To most landlords, an international guarantor is no guarantor at all, experts said.
Not only is it difficult to verify credit history, it’s also an ordeal to go after an international guarantor in the event that a tenant skips out on rent.
Plaintiffs face a number of procedural and legal hurdles when enforcing a judgment from a U.S. court in foreign jurisdictions, and filing a lawsuit overseas usually costs more time and money than it’s worth, said Michael Greenberg, CEO of brokerage Level Group and a commercial real estate attorney.
“It’s always a risk [for landlords] to take an international client,” said Michael Chadwick, an agent at brokerage Bond New York, who found Tsang her apartment. “If someone didn’t pay you, and they’re not a resident of this country, they’re in China, what are you going to do? What legal recourse do you have?” (Chadwick said that Brodsky, a landlord he has worked with in the past, made an exception for Tsang.)
Indeed, most landlords apply the same logic to American guarantors who live outside the Tri-State Area.
That’s largely because U.S. federal courts — which typically handle lawsuits between residents of different states — can only serve court filings within a 100-mile radius.
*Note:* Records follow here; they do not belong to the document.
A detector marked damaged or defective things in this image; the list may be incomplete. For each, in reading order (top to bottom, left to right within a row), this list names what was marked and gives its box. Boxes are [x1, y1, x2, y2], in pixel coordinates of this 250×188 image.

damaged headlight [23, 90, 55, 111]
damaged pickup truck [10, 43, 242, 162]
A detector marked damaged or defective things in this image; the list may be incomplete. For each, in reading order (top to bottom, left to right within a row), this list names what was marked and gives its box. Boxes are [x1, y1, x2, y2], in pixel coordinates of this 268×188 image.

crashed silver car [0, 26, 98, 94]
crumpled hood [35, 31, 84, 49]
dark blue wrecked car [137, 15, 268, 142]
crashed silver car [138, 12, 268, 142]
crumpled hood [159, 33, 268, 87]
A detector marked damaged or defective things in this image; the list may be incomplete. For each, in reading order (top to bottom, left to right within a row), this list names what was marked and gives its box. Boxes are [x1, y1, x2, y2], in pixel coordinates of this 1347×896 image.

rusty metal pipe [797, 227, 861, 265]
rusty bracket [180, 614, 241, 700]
So if a landlord sues in Manhattan, he could drag in a defendant from New York, New Jersey or Connecticut; but farther afield, he would have to hire local counsel and file suit in the guarantor’s home state.
“If somebody did not pay their rent, it would be very difficult for the landlord to go ahead and collect that rent from somebody that’s in the [U.S.] far away, or outside the country,” said Gordon Golub, Citi Habitats’ director of rentals.
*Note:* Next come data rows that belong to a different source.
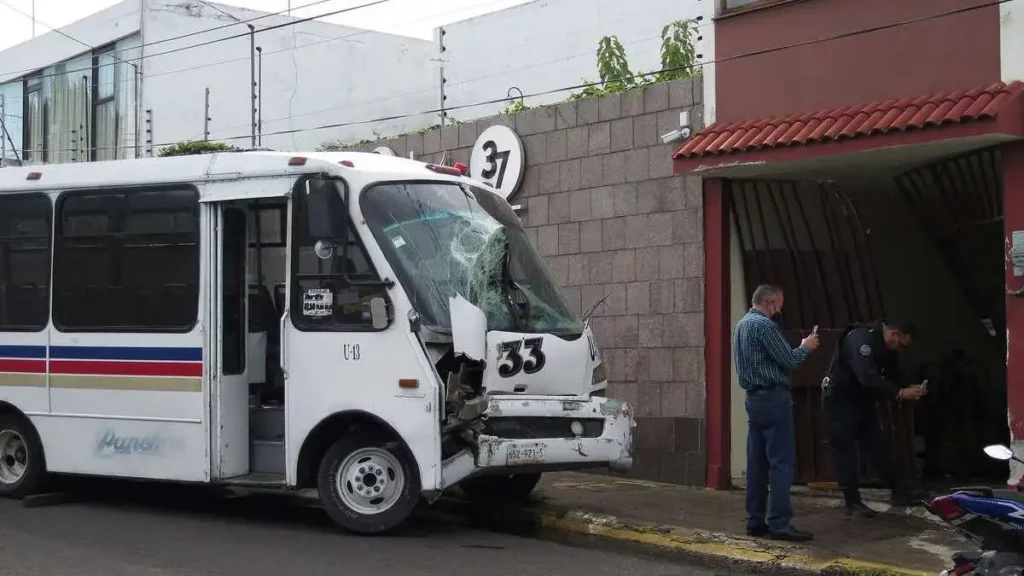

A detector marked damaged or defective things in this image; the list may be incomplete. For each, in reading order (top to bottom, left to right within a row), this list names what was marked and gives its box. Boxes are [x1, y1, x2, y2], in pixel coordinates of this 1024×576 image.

shattered windshield [360, 181, 584, 338]
crumpled front bumper [476, 396, 636, 472] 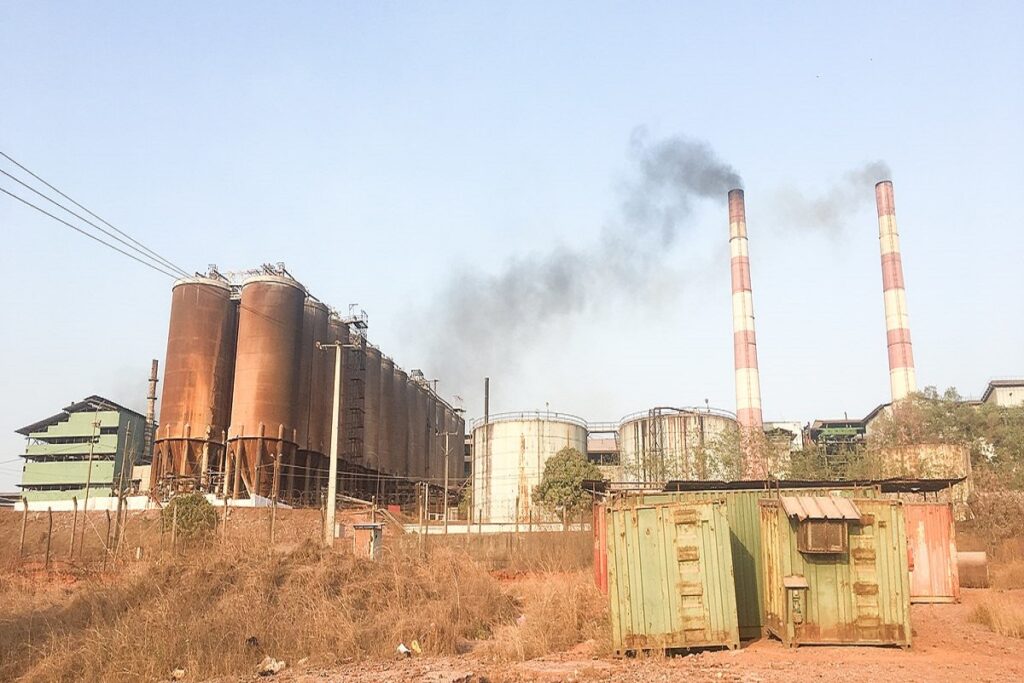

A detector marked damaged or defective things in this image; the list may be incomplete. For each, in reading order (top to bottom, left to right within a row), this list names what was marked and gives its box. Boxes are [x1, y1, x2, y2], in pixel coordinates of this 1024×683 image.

rusty storage tank [153, 276, 237, 488]
rusty storage tank [231, 276, 308, 500]
rusty storage tank [292, 300, 328, 502]
rusty storage tank [362, 350, 382, 472]
rusty storage tank [376, 358, 392, 476]
rusty storage tank [390, 368, 410, 476]
rusty storage tank [470, 412, 588, 524]
rusty storage tank [616, 408, 736, 484]
rusty storage tank [604, 496, 740, 652]
rusty storage tank [760, 494, 912, 648]
rusty storage tank [904, 502, 960, 604] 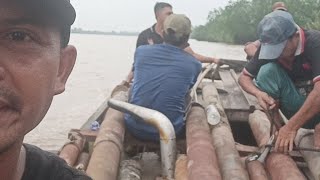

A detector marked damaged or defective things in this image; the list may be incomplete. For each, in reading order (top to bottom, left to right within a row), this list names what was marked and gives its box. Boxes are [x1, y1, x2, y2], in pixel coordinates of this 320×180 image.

rusty pipe [58, 131, 84, 167]
rusty pipe [87, 86, 129, 180]
rusty pipe [109, 99, 176, 179]
rusty pipe [186, 105, 221, 179]
rusty pipe [201, 84, 249, 180]
rusty pipe [249, 110, 272, 147]
rusty pipe [264, 152, 304, 180]
rusty pipe [296, 129, 320, 179] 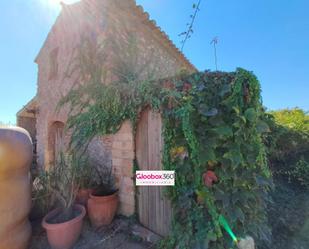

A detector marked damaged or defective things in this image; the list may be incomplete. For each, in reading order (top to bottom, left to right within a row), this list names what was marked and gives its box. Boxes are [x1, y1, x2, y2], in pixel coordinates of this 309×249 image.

rusty metal object [0, 127, 32, 248] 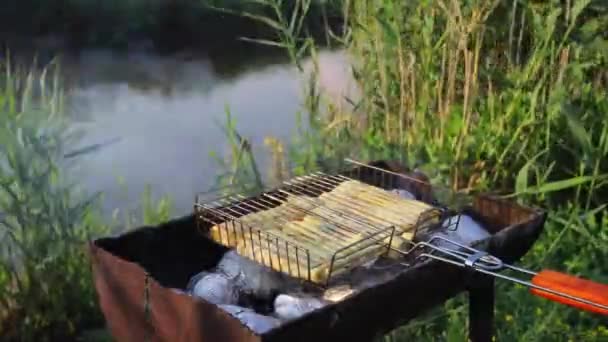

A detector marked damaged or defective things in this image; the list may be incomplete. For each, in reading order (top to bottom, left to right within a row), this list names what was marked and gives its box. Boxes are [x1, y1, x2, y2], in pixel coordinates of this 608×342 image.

rusty barbecue grill [194, 166, 446, 286]
rusty barbecue grill [89, 160, 608, 342] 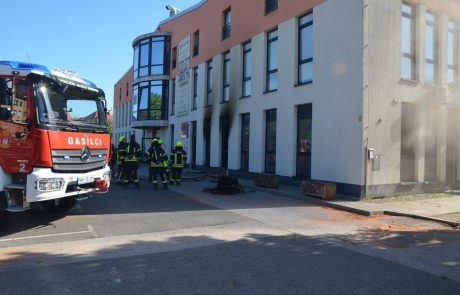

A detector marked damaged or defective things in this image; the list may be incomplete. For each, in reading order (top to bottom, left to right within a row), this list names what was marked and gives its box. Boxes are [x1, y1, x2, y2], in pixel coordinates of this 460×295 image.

pile of burnt debris [204, 177, 244, 195]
Even so, many property managers do take guarantors from across the country, including Rose Associates.
“Am I going to tell some California surgeon whose daughter wants to go to NYU that he’s not qualified to pay her rent?” said Robert Scaglion, Rose’s senior managing director of residential marketing.
And international students do have other options, like turning to Insurent Agency Corp. Billed as the city’s only institutional guarantor, Insurent will underwrite a lease for a foreign tenant with no U.S. credit history for 110 percent of a month’s rent — which brokers and landlords said is filling a niche.
International students can also pay six months’ or a year’s worth of rent up front. But that’s not a perfect solution: Aside from the obvious financial burden for students, some landlords are wary of not being able to evict a tenant whose rent they’ve already collected, and rent stabilized buildings are prohibited from accepting these kinds of payments.
Finally, international students can hunt for individual landlords willing to entertain flexible arrangements. Like Brodsky, Related Cos. and Archstone, based in Englewood, Colo., have also been known to accept international guarantors, according to Gary Posylkin, director of leasing at brokerage Miron Properties.
“We will lease to anybody who qualifies through our standard background-check and credit-check process,” said Peter Jakel, a spokesperson for Archstone. In other words, as long as potential guarantors provide the appropriate documentation, they can secure an apartment with Archstone, Jakel conceded. But for foreign individuals, that can obviously be difficult.
A spokeswoman for Related did not immediately confirm whether the company accepts international guarantors. Brodsky did not respond to requests for comment.
As for Tsang, she renewed her lease in September. She said Brodsky bumped up her rent $50 per month, but “this year they just handed me the lease renewal like they would any other tenant.”